Believe it or not the tunnel construction was still under hot debate right up until construction. It was a should-we, shouldn’t-we kind of argument, all the while the diesel ferry continued its service crossing the narrow channel. An earlier tunnel was attempted back in 1935 which met with failure at the time. It’s very similar to the debate around adding jets and more runway length. The fatal flaw is trying to stop progress. It’s an uphill battle to resist the desire to add capacity, after all, business is what business does.
You can still ride the ferry which carries fuel supply trucks, cars and cargo to the island, should you choose, but I’m sure the next generation of island fliers will never take time to appreciate the experience of waiting a few minutes.
The airport has been a bit of a love-hate relationship with some folks in Toronto. There has been a consistent effort by Porter Airlines, one of two island carriers, the other being Air Canada – to introduce ‘Whisper Jets’ to the fleet of aircraft flying to and fro, but residents of the Toronto Islands (yes, there are islands in Toronto) and some of the recreational maritime community have resisted this development.
The trouble lies in the extension of the runway, a couple hundred meters, to be added to both ends to accommodate the longer take-off and landing requirements of jets. The Porter proposal calls for adding 200 metres at each end, plus an overrun usage assumption, for 1,658 metres, or 5,440 feet.
On one hand, this may compromise the sea lane right of ways for sailing ships and water craft, so much so that the harbour would potentially become ‘unusable’ by this group. On the other hand, the island residents, descendants of Toronto-hippies turned environmental activists don’t want the noise or fuel pollution to interfere with their serenity.
The vocal minority would have you believe that this airport will totally ruin people’s ability to enjoy the waterfront. And of course, displace marine life and habitat during jet-way construction.

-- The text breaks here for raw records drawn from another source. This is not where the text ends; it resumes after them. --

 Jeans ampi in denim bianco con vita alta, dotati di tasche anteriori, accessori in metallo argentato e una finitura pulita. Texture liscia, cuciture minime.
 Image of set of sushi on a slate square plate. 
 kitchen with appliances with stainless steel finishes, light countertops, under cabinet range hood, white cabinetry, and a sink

I’ve checked the lake, and I’m pretty sure we could lose a bit of seaweed which appears to be the only habitat for a couple of overgrown Asian carp left patrolling the urban waters of the inner harbor.

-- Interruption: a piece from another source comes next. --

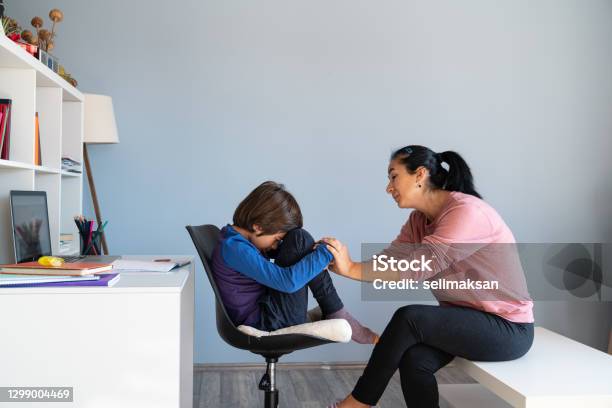 Mother Talking To Bored Schoolboy Having Elearning Stock Photo - Download Image Now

I’m confident that if we add a couple hundred meters of fresh sea-wall during the runway extension the slime and fish will soon take up residency. Otherwise, we’ve got a gazillion more miles of shoreline around Lake Ontario. It’s one of the largest fresh water lakes in the world, and that won’t be changing anytime soon. Move along fish, there’s business to be done here.
It’s a crass view environmentally speaking – and I’m surely in danger of over simplifying the position of those against the development of the airport – but I can’t help but consider the potential economic impact of the island airport and its contribution to bringing new business activity and wealth into the downtown core, when weighing the jets-no-jets issue on a set of intellectual scales.
We’ve only got one harbour, and one island airport, and therefore one chance to get it right. And by getting it right I mean facilitating expansion.
I’ve flown to-and-from the island over thirty times doing business between Montreal and Toronto over the past couple of years, and it’s far-and-away my favorite port-of-access to Toronto’s downtown core.
Anything that can improve the availability of more air carriers, and better price competition, with greater access to more international destinations from this travel gem of an airport ought to be supported, as business travels both ways when rapid and affordable travel access is realized.